イラクサ アリス・マンロー 新潮社クレストブック 2400円+税 2006年

 翻訳が悪くて非常に読みにくい短編集。

 作者はカナダで短編の女王と呼ばれるほどの名手なのだそうだ。カナダ、アメリカで様々な文学賞も受賞していると言う。書かれているのはカナダの地方都市に住む人たちの日常生活である。70才をこえたベテランが書く小説なので、年齢の高い人物の物語が多いのが特徴的だ。人が生まれてから死ぬまでの過程を知り尽くしていて、ごく自然に人生のどの場面でも書くことができる、力量を感じた。

 この作者にしか書けない、痴呆老人の現実をえがいた話などがあってとても興味深いが、とにかく訳が悪い。
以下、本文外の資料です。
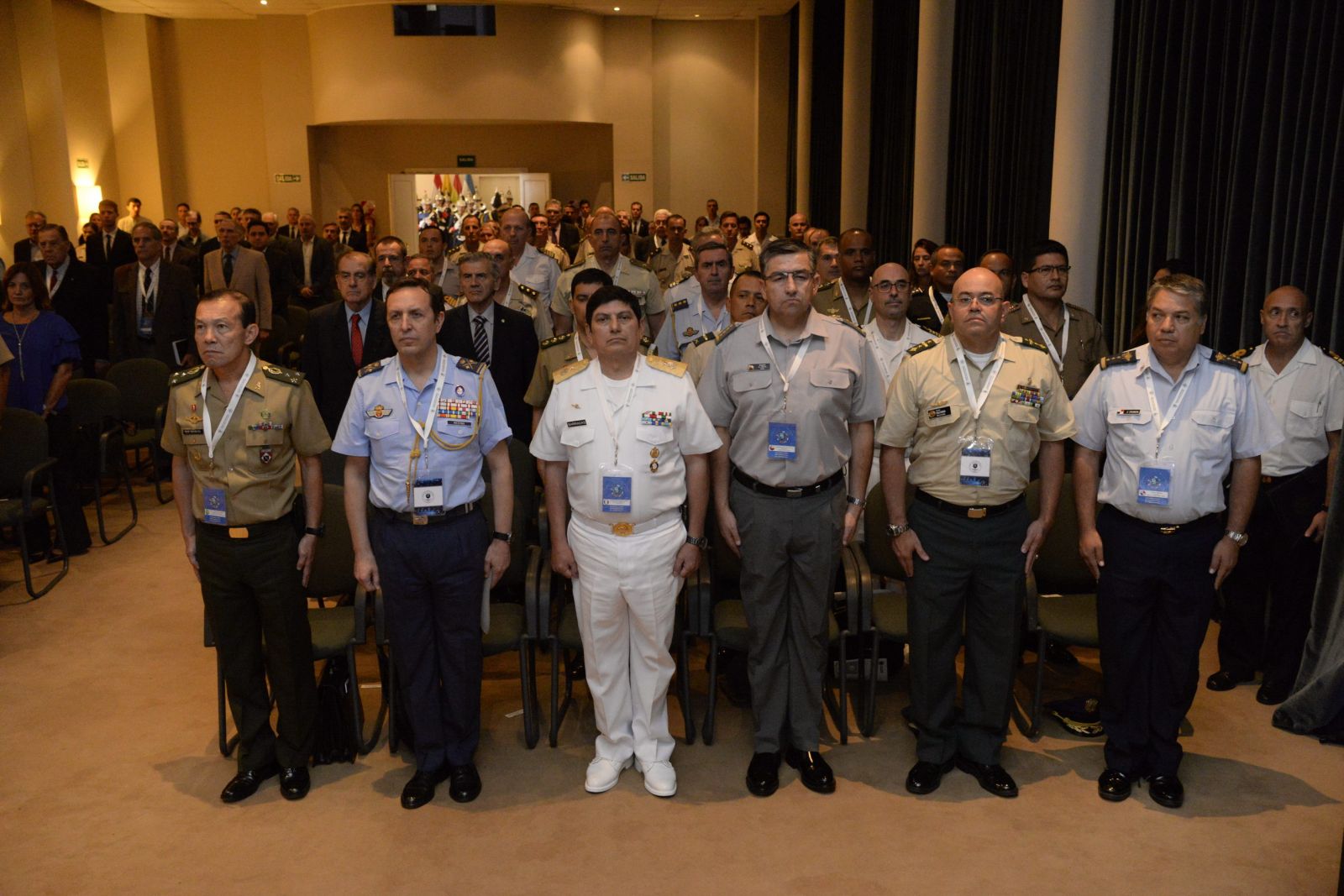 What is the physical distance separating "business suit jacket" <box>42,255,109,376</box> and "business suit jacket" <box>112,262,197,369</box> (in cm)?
27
日本語になっていない文章も散見されるが、ただ英文をコンピューターの翻訳ソフトで訳したような、機械的な文体となっているのだ。○○が××した、――それは△△だからで、――の前は□□だったから。こんな感じの文章がずっとつづく。小説を読みだしても、物語の筋道がよくわからず、苛々させられることもしばしばあり、あまりに訳が悪くて、P100ほどで投げ出しそうになってしまった。読了したのは、ひとえに、たまたま他の本が手元になかったからである。

 近年では最悪の訳だ。新潮社のクレストブックはこれまで、水準の高い作品と翻訳で信頼していたのだが、これでは新潮社の姿勢さえ疑う。文学作品はただ原文を日本語の単語に置き換えればよいというものではないはずだ。もっと文学的な素養とセンスのある者に訳してもらいたい。これからはクレストブックもよくよく吟味してから読むことに決めた。

 別の訳者が翻訳したものなら、カナダの名手の作品をまた読んでみたい。